If a California power utility imports power from plants outside the state, those plants must also meet SB 1368's standards. If they don't — and none do — then the California-based utility must stop using those plants' power when contracts end, even if it owns part of the resource.
LADWP imports about 39 percent of its energy from two large coal plants: the Intermountain Power Project in Utah and the Navajo Generating Station in Arizona. Both facilities emit double the carbon dioxide volume of a natural gas plant.
"We have an ownership position in the Navajo Generating Station, and we are trying to divest that ownership by 2015," Howard says. The other seven owners of the plant, none of whom are located in California, declined when LADWP suggested converting the plant to natural gas. LADWP plans to replace the power from NGS with a combination of natural gas, renewables, short-term market purchases, and energy efficiency efforts.
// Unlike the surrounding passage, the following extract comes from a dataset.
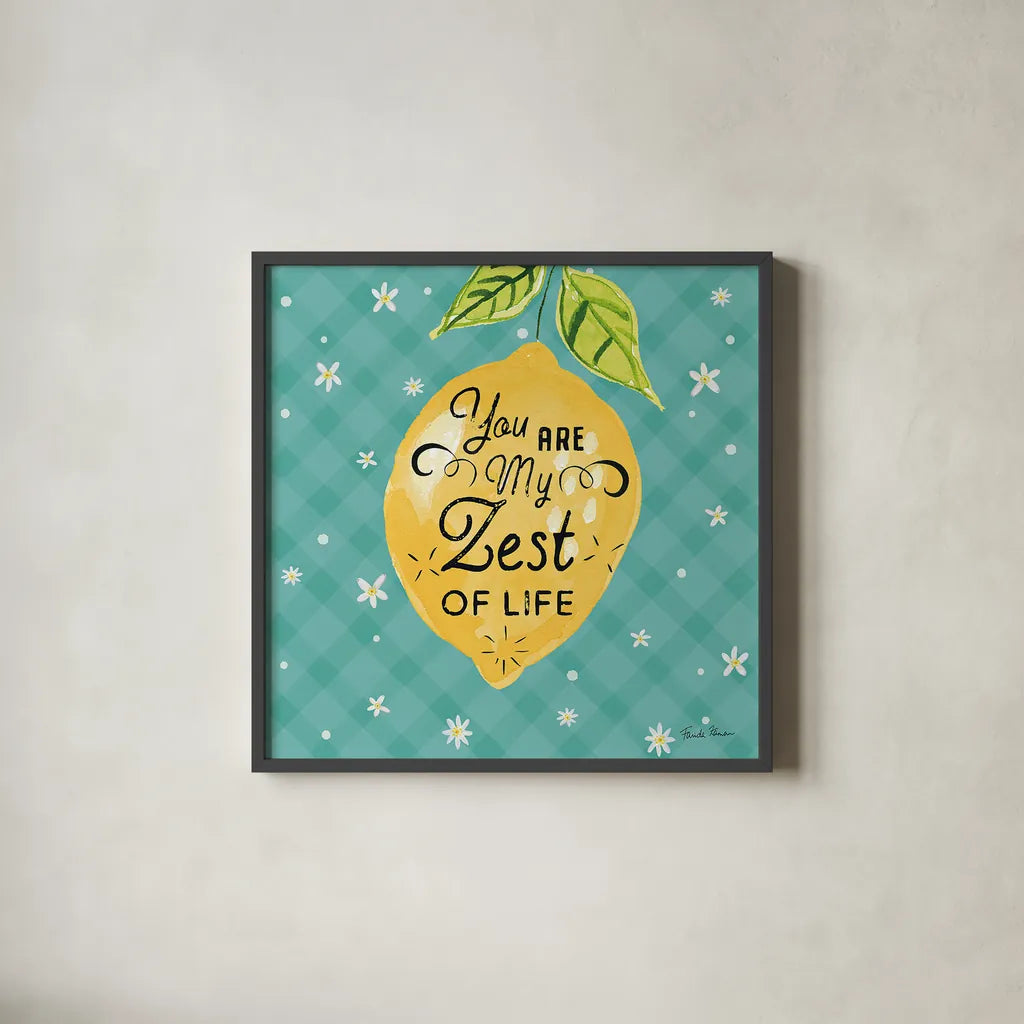 Mellow Yellow III Turquoise by Farida Zaman. Shown in a sleek black glass frame for a contemporary gallery look. Available as an archival giclee rolled canvas, fine art paper, or poster print. SKU 45908a.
The 36 Intermountain Power Project participants are interested in converting to natural gas. A proposal was made to "work on building new gas turbines there in place of the coal facility by 2025," Howard says. All participants must agree, and by the end of 2013, 22 had signed up.
By the rules
SB 1368 might have started it all, but other complex state regulations came quickly. They mandated everything from bringing the state's carbon dioxide emissions down to 1990 levels no later than 2020 to eliminating the use of water from lakes, streams, or the ocean to cool power plants.
Complying with the rules was LADPW's biggest challenge. "We had to integrate them because the policy makers were driving them one at a time," says Howard. "They weren't concerned about the impacts from a utility or customer rate approach. The regulations were overwhelming. We realized we had to pull this all together and look at the interactions, timelines, and costs to see how best to optimize [them] because there are limited labor resources and budget, and we still need to keep the lights on."
LADWP brought in outside help in 2005 and 2006 to build a modeling system "that would allow us to run various scenarios and give us options," Howard says. By 2010, LADWP's Integrated Resource Plan could forecast available power resources and demand down to the hour for the next 20 years. It could also test different scenarios and variables such as emission rates to optimize specific factors such as costs — a pretty good juggling act.
The model proved its worth when it helped the utility check off three regulatory requirements with a single project. "We had an almost 600-megawatt, 60-year-old coastal power plant that needed a lot of capital to keep it operational," Howard says. The plant in question is the Haynes Generation Station, located in Long Beach. It was also cooled by ocean water, which California's State Water Resources Control Board banned in 2010 as a violation of the Federal Clean Water Act.
LADWP replaced the 1960s-era power generation equipment with six 100-megawatt quick-start generators that can go from zero to full operation — or the reverse — in 10 minutes. "The old units took 48 hours," Howard says.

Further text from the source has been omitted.